Sur les réserves de Mme Cohen, je préférerais qu'il soit mis fin aux subventions publiques et que les impôts sur les entreprises soient allégés, d'autant qu'à mon sens, les subventions financent le plus souvent des surcoûts qui leur sont imposés et faussent les prix. En outre, les banques et les assurances ne sont pas soumises à la TVA mais à la taxe sur les salaires atteignant 14 %. Il faut prendre garde à la délocalisation de ces activités, c'est déjà le cas à la City de Londres notamment.
Monsieur Vergoz, il n'est pas question que la mondialisation nous tire vers le bas. Deux types d'Etats coexistent. Les premiers perdent leur activité productive mais maintiennent leur niveau de consommation : ils sont donc caractérisés par leur dette souveraine. Les seconds, dits émergents, produisent plus qu'ils ne consomment : ils accumulent les fonds souverains. A tort, nous avons longtemps cru que l'endettement souverain était infini : il suffit de voir la situation de la Grèce pour comprendre que le souverain est le créancier. En tant que ministre, j'ai été amené à présenter, en G7, notre modèle social : on m'opposait déjà les limites de son financement. Les règles de l'OMC et de l'OIT constituent des gages, mais gardons-nous de tout angélisme. Certaines activités ne peuvent plus être accomplies sur le territoire national. Le G20 peut faire des déclarations, mais n'attendons pas que les grandes organisations règlent nos problèmes !

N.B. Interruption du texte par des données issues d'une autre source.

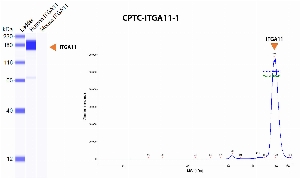 Click to enlarge image Automated Western Blot using CPTC-ITGA11-1 as primary antibody against human and mouse recombinant proteins. The antibody CPTC-ITGA11-1 specifically recognizes the human recombinant. Expected MW is 133 KDa, but ITGA11 glycosylation affects its migration.
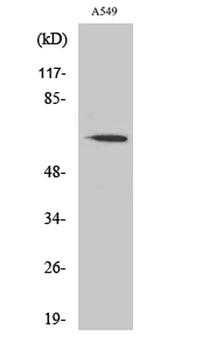 FAST rabbit pAb Antibody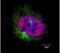 Centromere Protein F antibody, MA1-23185, Invitrogen Antibodies, Immunofluorescence image 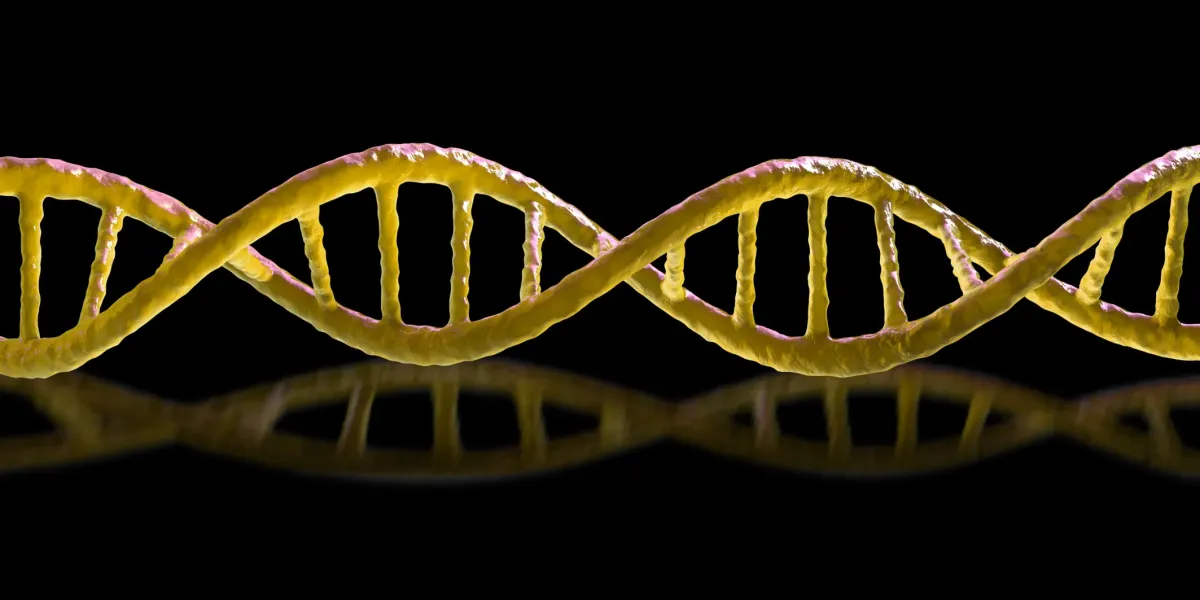 The Download: murderous ‘mirror’ bacteria, and Chinese workers fighting AI doubles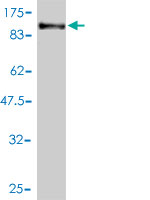 Western blot against tagged recombinant protein immunogen using ab57558 PCDHB16 antibody at 1ug/ml.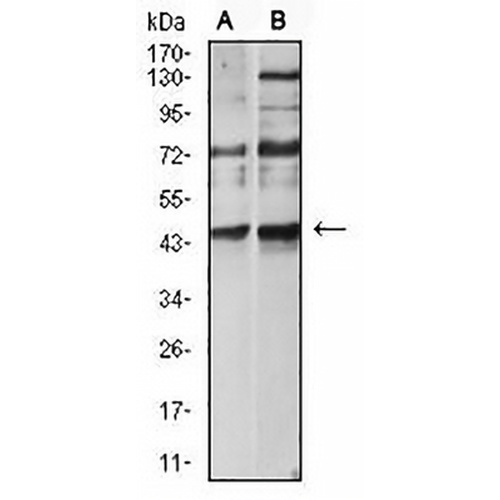 CD183 Mouse Monoclonal Antibody(C2654)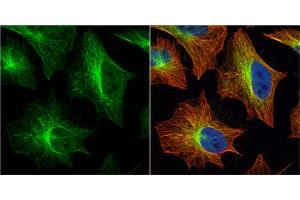 ICC/IF Image Histamine H2 Receptor antibody [N1], N-term detects Histamine H2 Receptor protein at cytoplasm by immunofluorescent analysis. (HRH2 anticorps  (N-Term))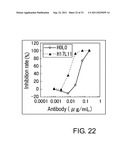 ANTI-NR10 ANTIBODY AND USE THEREOF diagram and image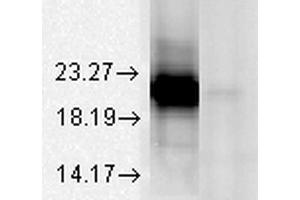 Western Blot analysis of Bovine tissue lysate showing detection of Alpha A Crystallin protein using Mouse Anti-Alpha A Crystallin Monoclonal Antibody, Clone 1H3. (CRYAA antibody  (Atto 594))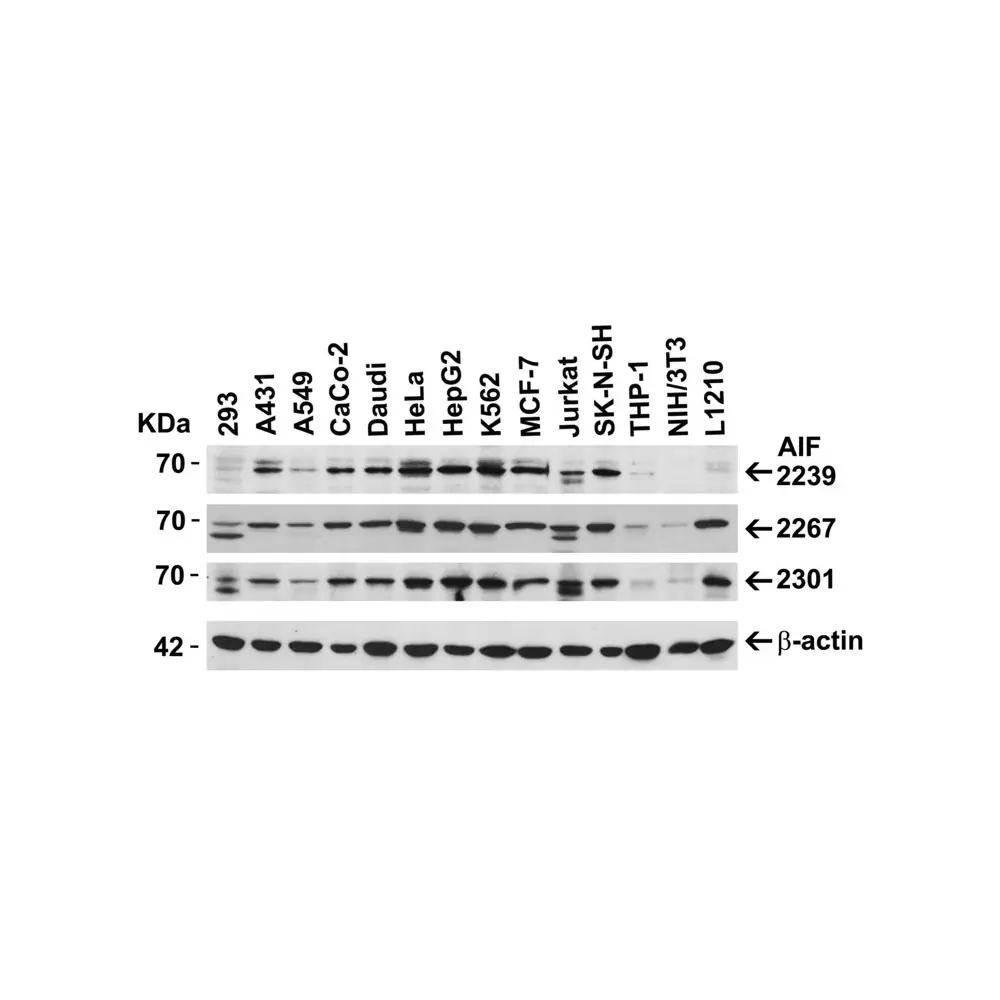 ProSci 2239_S AIF Antibody, ProSci, 0.02 mg/Unit Secondary Image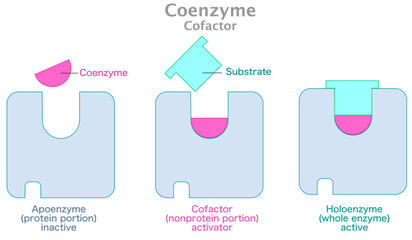 Coenzyme, cofactor. Holoenzyme active work. Enzyme, apoenzyme protein portion inactive, Nonprotein, substrate and product. Lock, key mechanism action. Complex, active site. Vector illustration - obrazy, fototapety, plakaty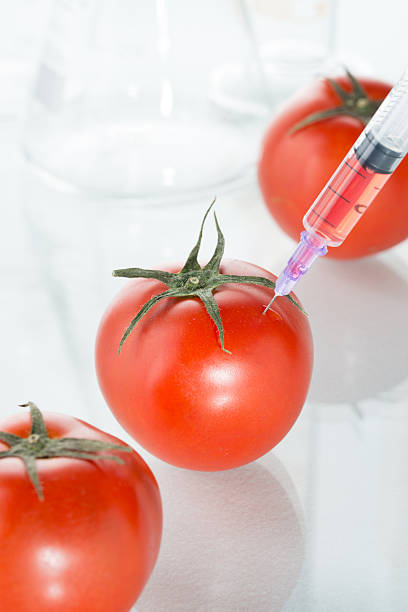 modificación genética roja sobre blanco de tomate material de vidrio de laboratorio - tomato genetic modification biotechnology green fotografías e imágenes de stock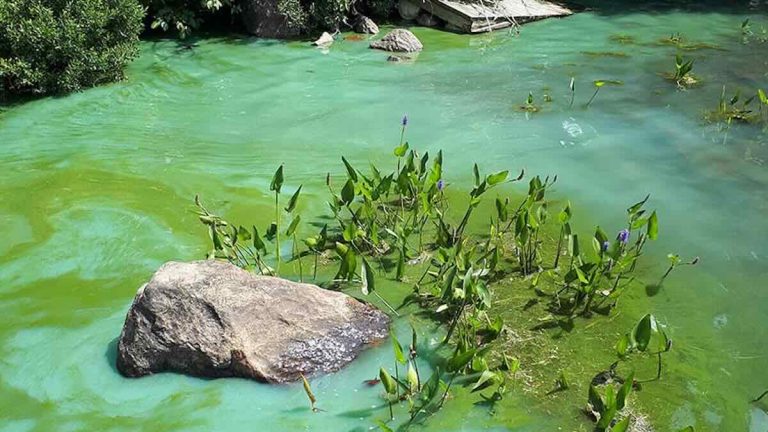 Blue-Green Algae (Cyanobacteria) and How it Can Kill Your Dogs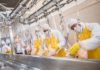coronavirus meat factory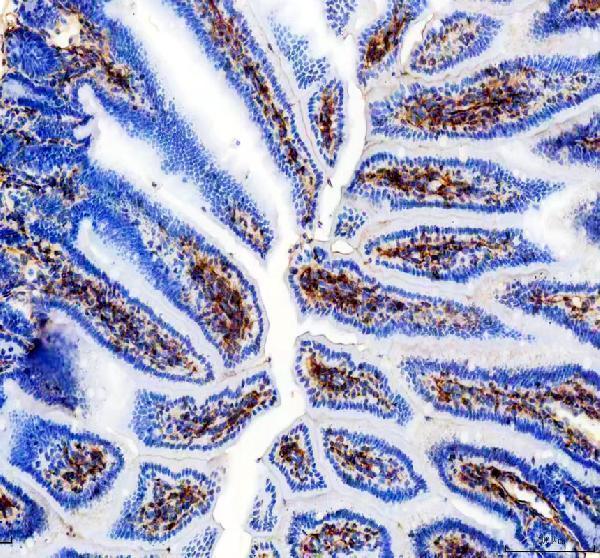 a01513 2 cd31 primary antibodies ihc testing 1
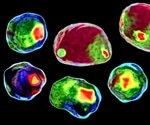 Counting Single Cells Using Flow Cytometry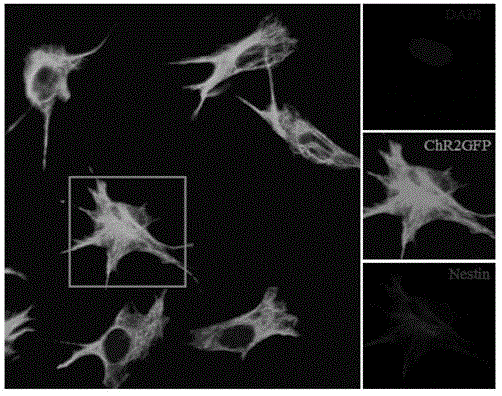 Channelrhodopsin-2 (ChR2)-green fluorescence protein (GFP) gene engineered nerve stem cell line and construction method thereof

L'impôt sur la marge bénéficiaire est en fait une taxe sur la valeur ajoutée, c'est-à-dire sur les salaires, les charges sociales et les bénéfices. Faut-il courir le risque de son optimisation par les grands groupes ?
Monsieur Vanlerenberghe, une partie des charges sociales est actuellement payée par la puissance publique, une partie des charges des entreprises est déjà exonérée. Le basculement des charges vers la TVA devrait être, à mon sens, de 50 milliards, soit cinq points de TVA.